The Five-Minute Interview: Peter Boettke, Professor, Economist, Alum
Posted: May 22, 2007 at 1:00 am, Last Updated: November 30, -0001 at 12:00 am
By David Driver
Peter Boettke is a professor of economics who founded the Global Prosperity Initiative, part of the Social Change Project at the Mercatus Center at Mason. A Mason alum (MA ’87, PhD ’89), he joined the faculty in 1998.
Before coming to Mason, Boettke was a national fellow at the Hoover Institution for War, Revolution and Peace at Stanford University, and served as a visiting professor or scholar at the Russian Academy of Sciences in Moscow and the Max Planck Institute for Research into Economic Systems in Jena, Germany. He has also held positions at Central European University in Prague, Charles University in Prague, the London School of Economics, Oakland University in Michigan, Manhattan College and New York University.
In 1998, he became editor of the Review of Austrian Economics, a position he still holds.
Boettke is also the author of several books on the history, collapse and transition from socialism in the former Soviet Union.
Born and raised in New Jersey, Boettke earned his BA in economics from Grove City College in Pennsylvania.
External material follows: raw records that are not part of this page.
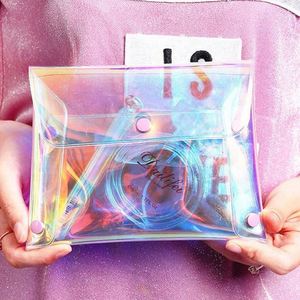 Bolsa de Cosméticos de PVC Iridiscente con Logotipo Personalizado para Niñas, Bolsa de Maquillaje Tipo Sobre de Gelatina para Mujeres - Product Image 4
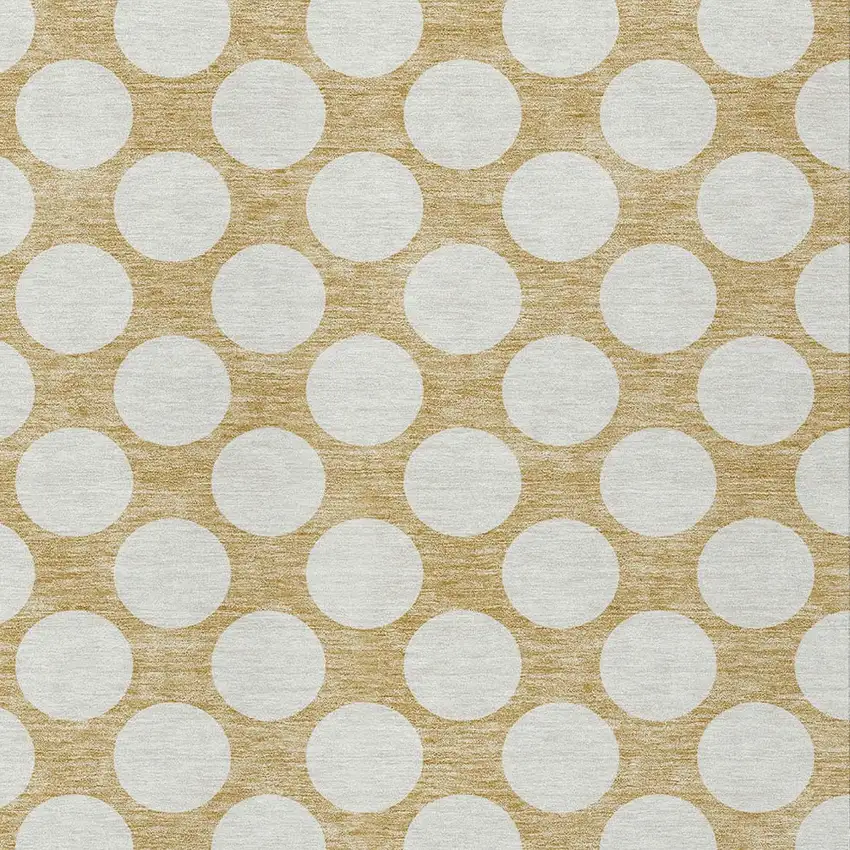 Gold And Beige Polka Dot Washable Indoor Outdoor Area Rug Photo 6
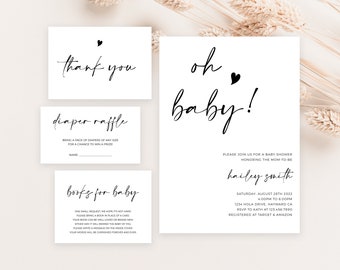 May include: A black and white baby shower invitation with the text "oh baby!" and a small heart. The invitation includes the date, time, and location of the shower, as well as the name of the mum-to-be, Hailey Smith. It also includes information about the RSVP and where the mum-to-be is registered.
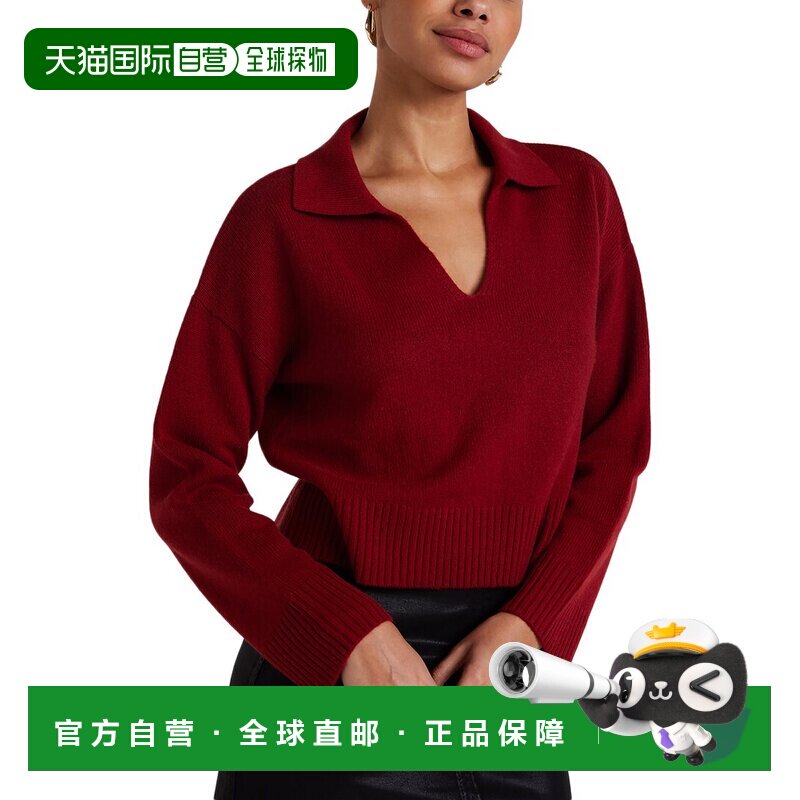 自营Bella Dahl羊毛和羊绒混纺毛衣-红色 美国奥莱直发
For the five-minute interview, we asked him to complete the sentences below:
If I wasn’t talking to you right now, I’d be … at home finishing up papers that are due. Either that or I would be grading papers.
My favorite thing about working at Mason is … I love the economics department here. I think it is an amazingly stimulating and intellectual environment.
Exciting things going on at Mason now are … We just hired six new faculty members in the Economics Department. I think it is phenomenal. The hiring of [Public Policy professors] Jack Goldstone in 2004 and Hilton Root in 2006, were real coups for the university. I am very excited about it. We have a chance to build an outstanding core in the field of economics history, which is an underappreciated field in economics. Three of the six new hires are economic historians, and one of the other new faculty does work in economics history. We have a shot to be, if not the best, then one of the top three departments in the world in economics history.
The highlight of my career at Mason is … Mason going to the Final Four! No, Vernon Smith [professor of economics and law] winning the Nobel Prize was a very exciting thing, and James Buchanan [advisory general director of the Center for Study of Public Choice and distinguished professor emeritus at Mason] winning in 1986, that was special for me because when I was a student, and when I decided to come to Mason, most people hadn’t heard of the school. Then to come back here 10 years later, and be teaching and having lightning strike again with Vernon winning in 2002 was really exciting. My entire career at Mason has been very charmed. I have to pinch myself that I am here. This is home for me. It is a really special place to be.
My philosophy of working with others at Mason is … The most joy I receive is working with PhD students. I was very fortunate when I was a student [at Mason]; I worked with a man named Don Lavoie, who was a professor here for many years and unfortunately passed away at a young age. Basically he was a role model in terms of what I wanted to do when I became a professor. Jim Buchanan is similar to that. These are people that give an awful lot back to their students. And they always made me feel like I was their colleague, when I was far from their colleague. I try to emulate that; I don’t do it perfectly, I am sure. My colleagues are phenomenal, but my real satisfaction derives from working with graduate students. I take great pride in these graduate students and their accomplishments.
The last book I read was … “The Black Swan: The Impact of the Highly Improbable,” by Nassim Nicholas Taleb. I think it is a very fascinating book.
My favorite television shows are … I like all of these FX Networks shows, like “The Shield,” and I am a sucker for “Buffy the Vampire Slayer.” But I spend most of my TV time watching sports, especially basketball.
Some of my hobbies are … sports are pretty much my hobbies, mainly basketball. I coach at the high school [Robinson in Fairfax] at the freshman level as an assistant, and I coach my son’s AAU [Amateur Athletic Union] team.